### What to work on:
Apart from pictures, transcribe exactly each line from the one containing "2002 Toyota 4Runner" through the final line of the listing below.

### Dataset section:

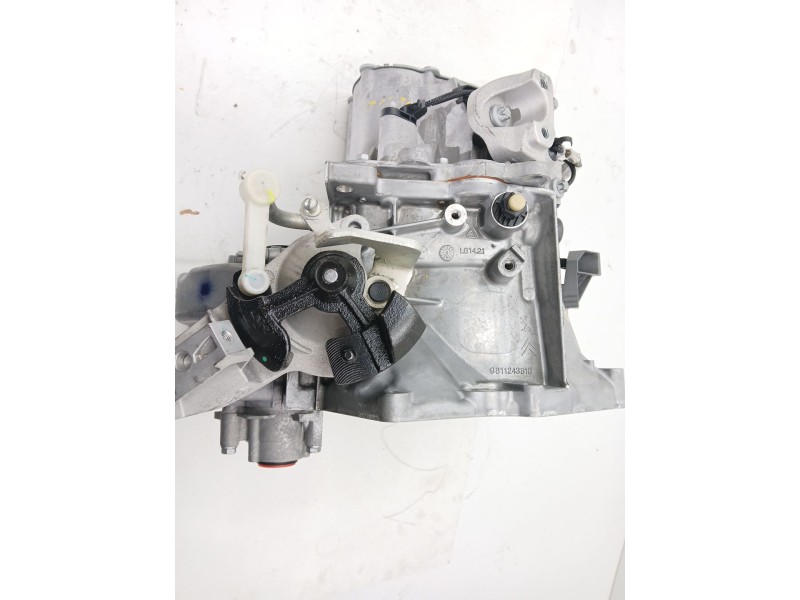 Recambio de caja cambios para opel corsa f elegance referencia OEM IAM 20V256  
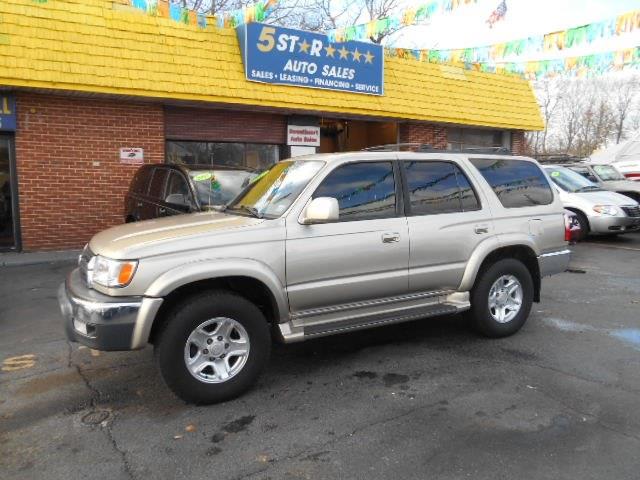 2002 Toyota 4Runner 2.5i All-wheel Drive With Locking Differential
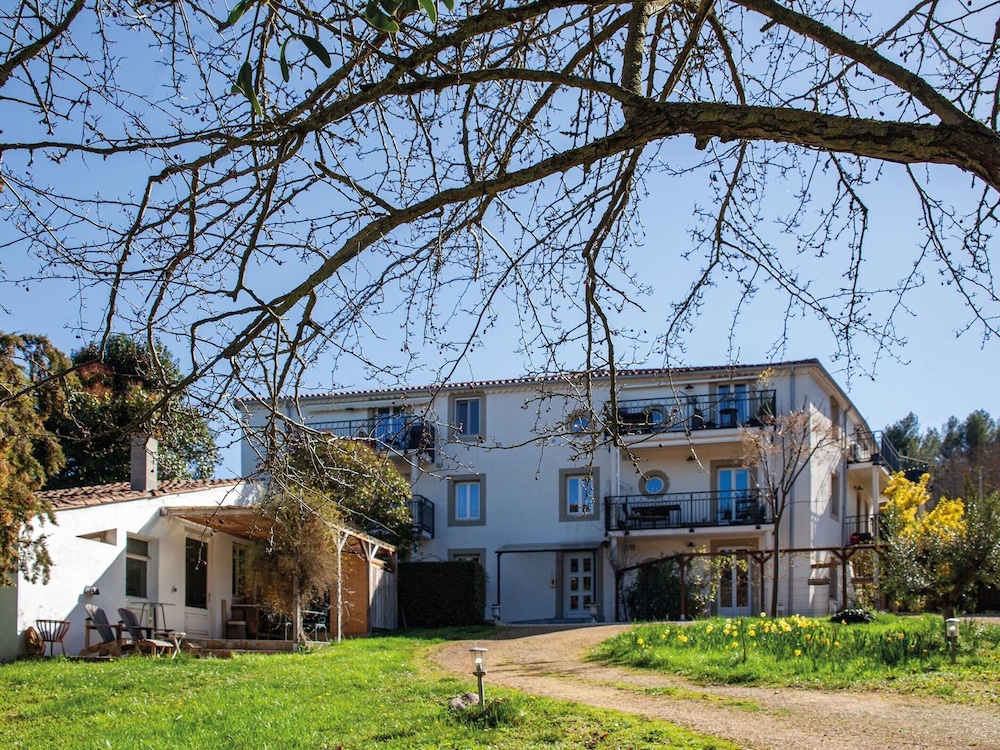 Residence Near Esperaza in a Beautiful Area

### Answer space:
 2002 Toyota 4Runner 2.5i All-wheel Drive With Locking Differential
 Residence Near Esperaza in a Beautiful Area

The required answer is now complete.